As the WNBA enters its 24th season, the success of the new agreement and vitality of the WNBA depend on persuading companies to invest in the league at a level they have declined to do over the previous quarter-century.
“We are betting on women in a big way here,” WNBA Commissioner Cathy Engelbert said on a conference call.
The top player salary in the league jumps from $117,500 to $215,000, with each team’s salaries capped at $1.3 million. The league said elite players would have the chance to earn more than $500,000 annually, with the balance coming from award bonuses, prize pools from exhibition tournaments, and team and league marketing agreements.
The league said the average annual player compensation — salary, bonuses, exhibition winnings and marketing revenues — would approach $130,000.
Players also would get full salary on maternity leave, an annual child-care stipend of $5,000 and reimbursement of up to $60,000 in family-planning expenses, such as adoption, surrogacy, egg freezing and in vitro fertilization.
“We really hope that we can set a precedent for women in the workplace,” said union President Nneka Ogwumike, an All-WNBA forward for the Sparks.
The legacy of the agreement should be determined not by individual salaries but by what Engelbert called “collaborative marketing.” The players opted out of the previous labor agreement in part because they were tired of having to play overseas to earn top dollar and frustrated that they were not marketed well enough to make top dollar in the United States.
Under the new agreement, the league and its players pledge to work jointly on year-round marketing, which could require some players to skip making money abroad in the hope of making more money here.
“We understand that we have to change this business model,” Ogwumike said. “If that means us being around more frequently, for longer and more often, we were OK with that.”
The league said it would share revenue with the players on a 50-50 basis once it hit targets for broadcasting, licensing and sponsorships, but the league did not say what those targets were or how many more millions would need to be raised to hit them.

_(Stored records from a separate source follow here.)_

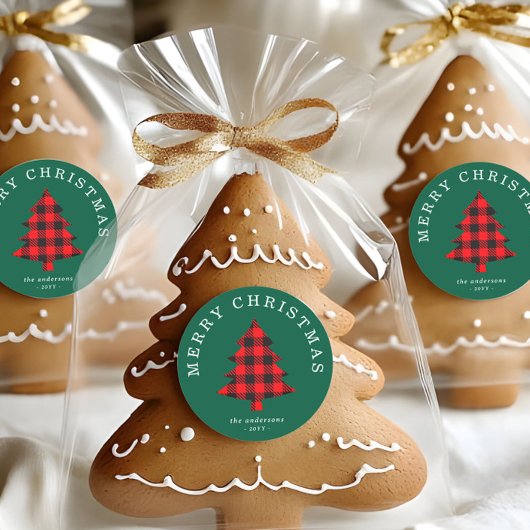 クラシックな赤と緑のクリスマスツリーステッカー ラウンドシール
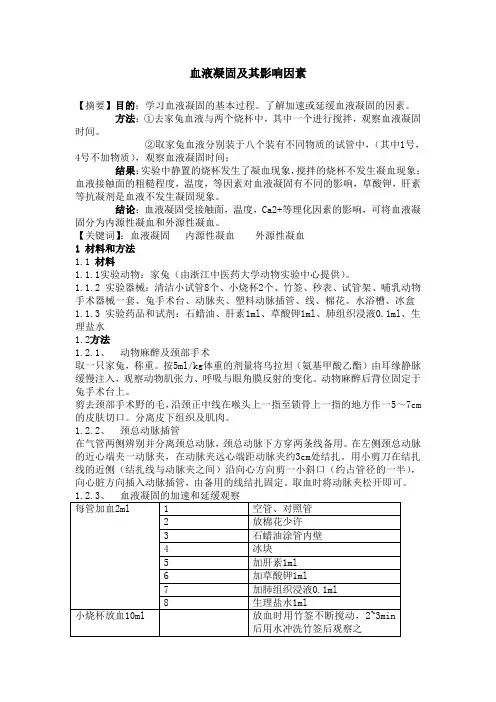 血液凝固及其影响因素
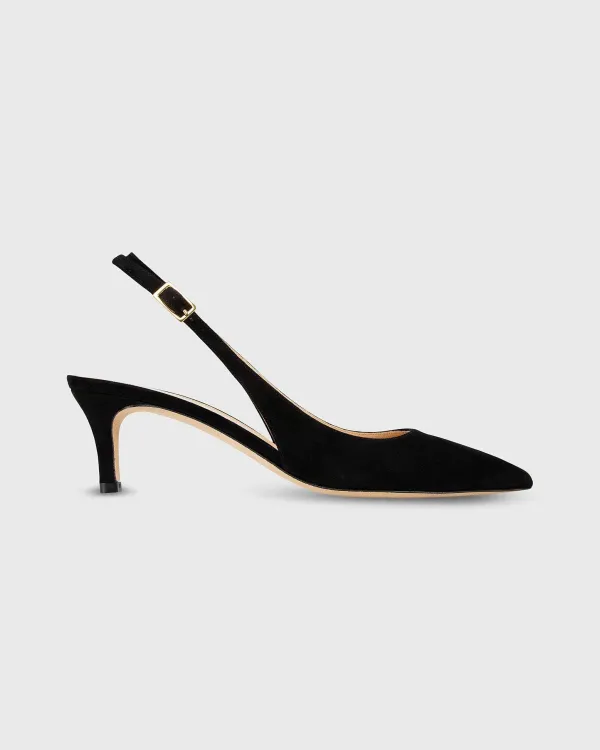 Online Ann Mashburn Kitten Heel Slingback Black Suede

In a conference call that lasted for an hour, Engelbert was short on specifics and long on marketing jargon. She spoke of starting “a new basketball event that fuses culture, music and fashion.” She talked about creating value, launching assets and driving revenue.
Engelbert, who became commissioner last July, will be trying to persuade corporate America to lean in to the WNBA at a time when fans are not, at least based on attendance. The average crowd for a WNBA game last season was a record-low 6,535, although the Sparks led the league at 11,307.
The average crowd for a WNBA game last topped 7,000 in 2017, last topped 8,000 in 2009 and last topped 9,000 in 2002. The league set its record high for average attendance in its second season, attracting 10,869 fans per game in 1998.
Still, the WNBA has lasted longer than any other women’s professional league in the country. Engelbert sees much to sell in 2020, with events to celebrate the league’s 25th anniversary, and to capitalize on the exposure of women’s basketball in the Olympics with the United States favored to win another gold medal.
With women increasingly filling executive positions as companies decide how to spend their advertising dollars, Engelbert is optimistic that the league can attract the corporate dollars necessary to fuel the growth of the league.
“We’ve got an enormous opportunity,” she said. “I believe, if we can’t do it, no one can.”